### PROBLEM TO SOLVE
For this exercise, return only the lines in the records below from the one holding "RETROVISOR ESQUERDO HONDA" through the one holding "1st image of 727 Hurffville Crosskeys Rd", including both, exactly as they appear and without pictures.

── MATERIAL FOR THIS TASK ──

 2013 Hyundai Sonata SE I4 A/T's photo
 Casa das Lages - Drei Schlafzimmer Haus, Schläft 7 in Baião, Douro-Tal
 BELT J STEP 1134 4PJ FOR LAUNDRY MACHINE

───
── MATERIAL FOR THIS TASK ──

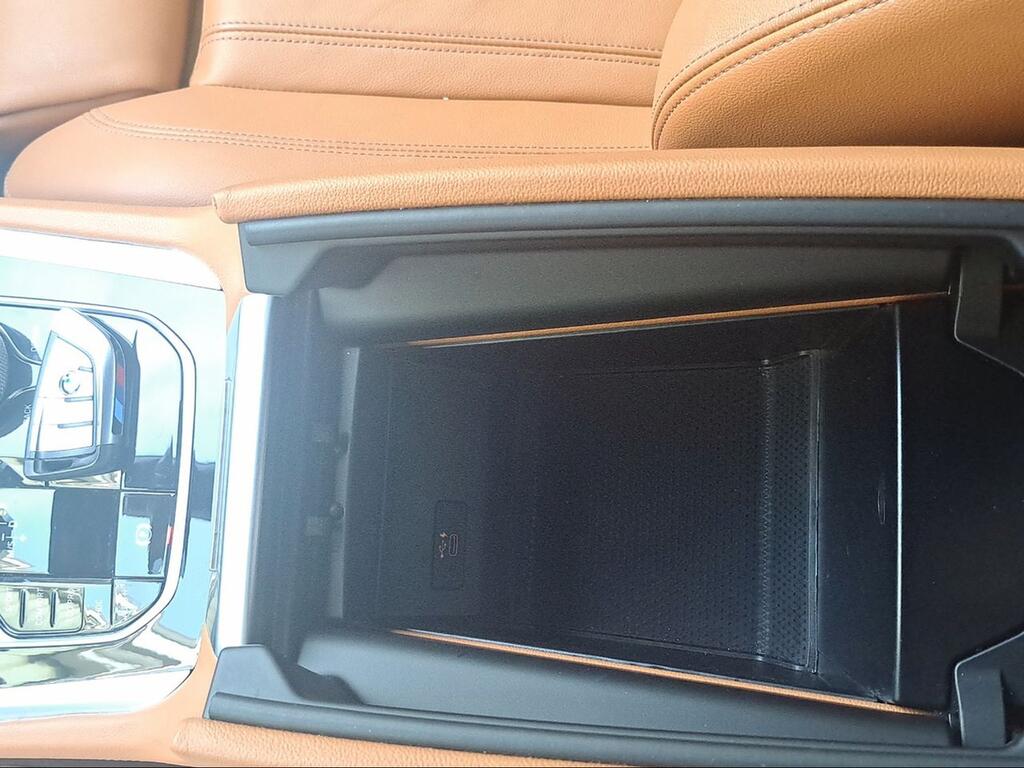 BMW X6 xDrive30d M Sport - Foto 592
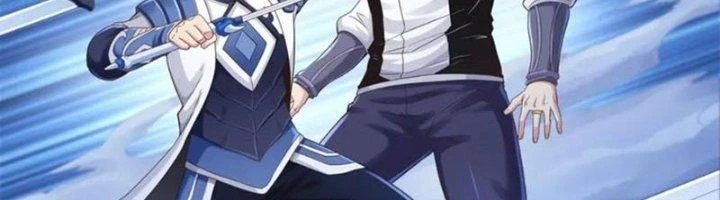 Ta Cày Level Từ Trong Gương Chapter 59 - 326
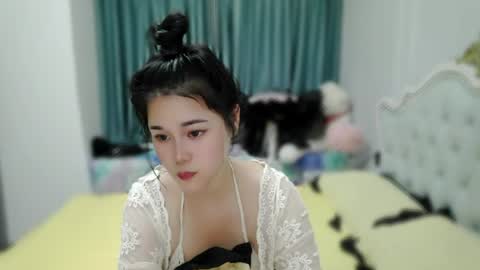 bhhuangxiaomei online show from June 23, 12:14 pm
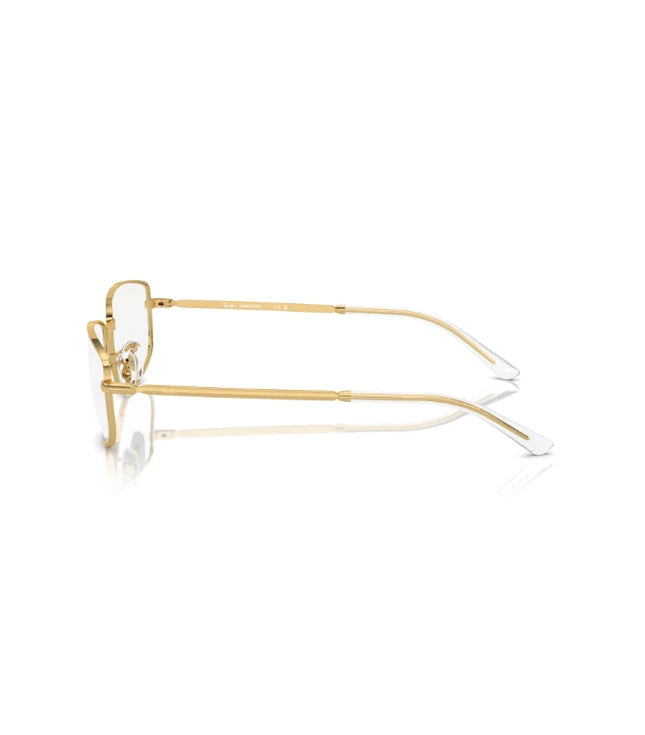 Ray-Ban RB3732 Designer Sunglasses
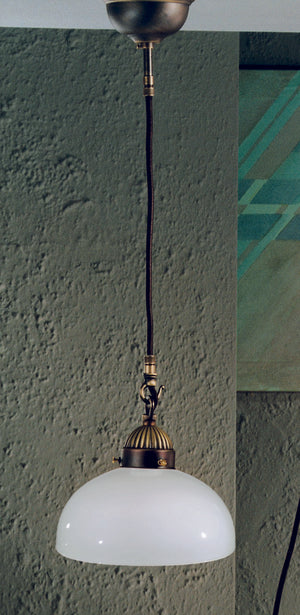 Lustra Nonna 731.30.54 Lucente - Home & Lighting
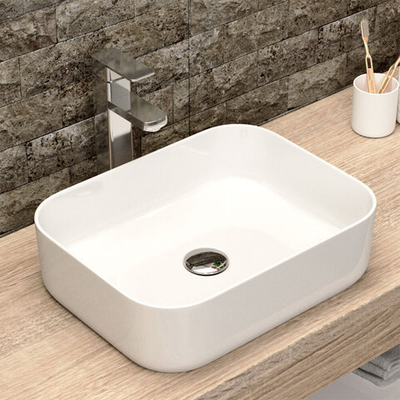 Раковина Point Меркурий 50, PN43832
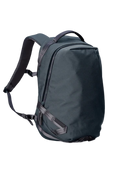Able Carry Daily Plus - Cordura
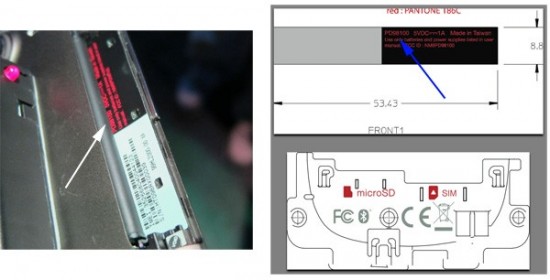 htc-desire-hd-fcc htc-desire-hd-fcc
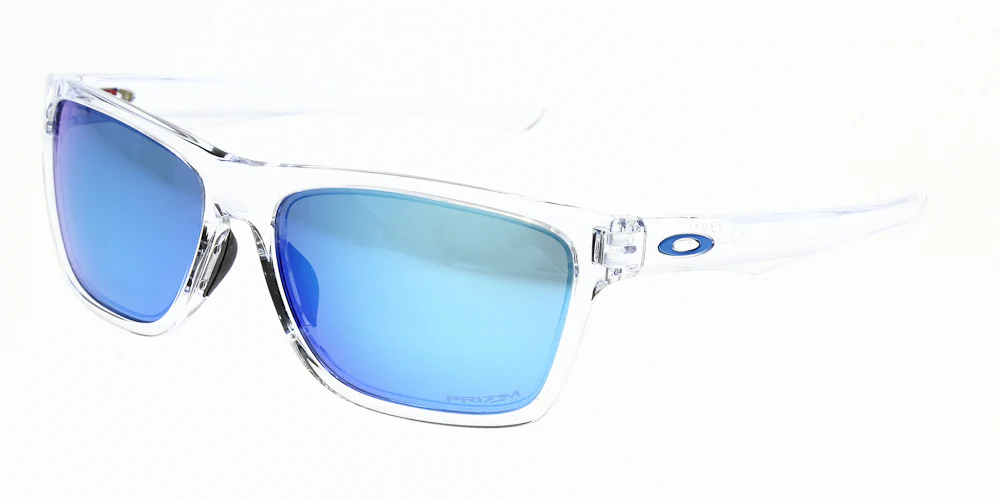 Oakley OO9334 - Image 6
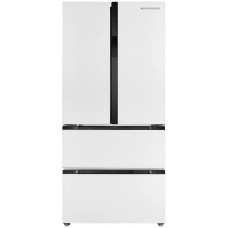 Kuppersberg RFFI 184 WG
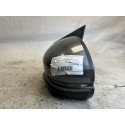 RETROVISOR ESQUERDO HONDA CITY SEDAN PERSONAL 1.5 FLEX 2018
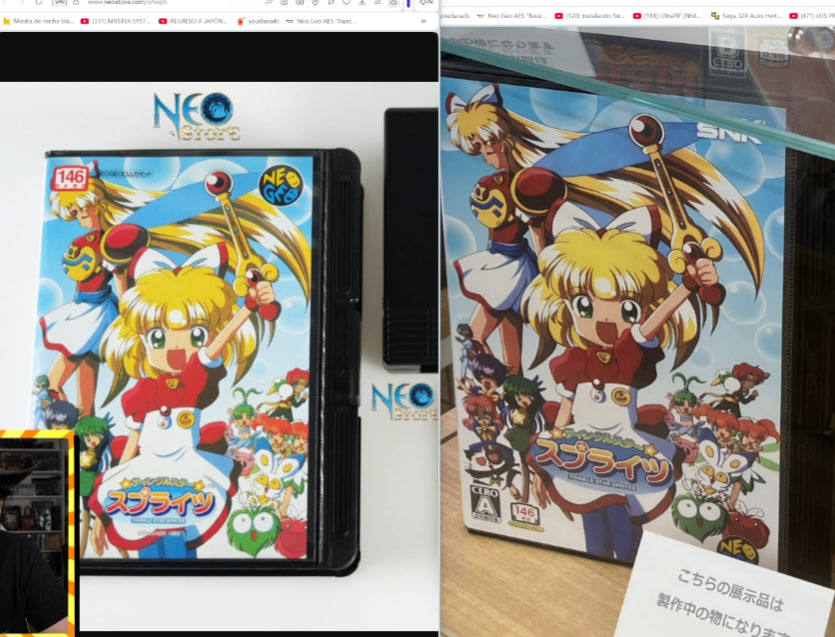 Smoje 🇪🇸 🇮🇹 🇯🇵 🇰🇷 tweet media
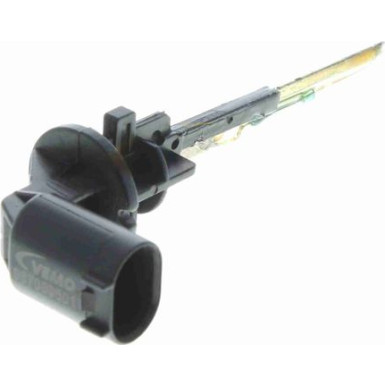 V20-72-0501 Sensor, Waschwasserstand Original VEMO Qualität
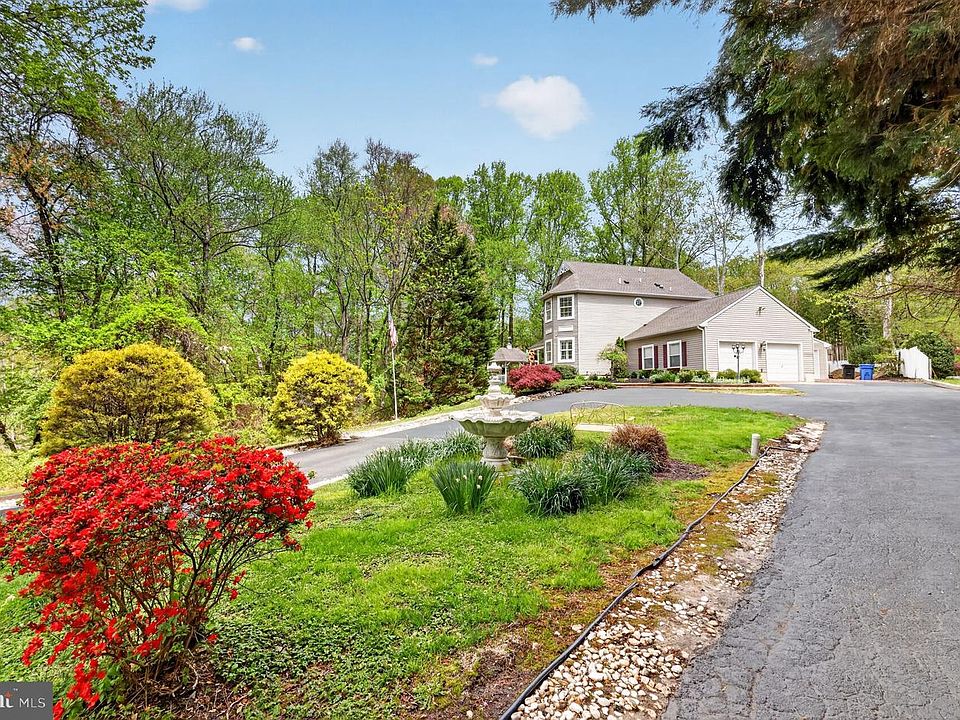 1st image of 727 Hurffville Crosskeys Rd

───

### OUTPUT OF THE EXERCISE
 RETROVISOR ESQUERDO HONDA CITY SEDAN PERSONAL 1.5 FLEX 2018
 Smoje 🇪🇸 🇮🇹 🇯🇵 🇰🇷 tweet media
 V20-72-0501 Sensor, Waschwasserstand Original VEMO Qualität
 1st image of 727 Hurffville Crosskeys Rd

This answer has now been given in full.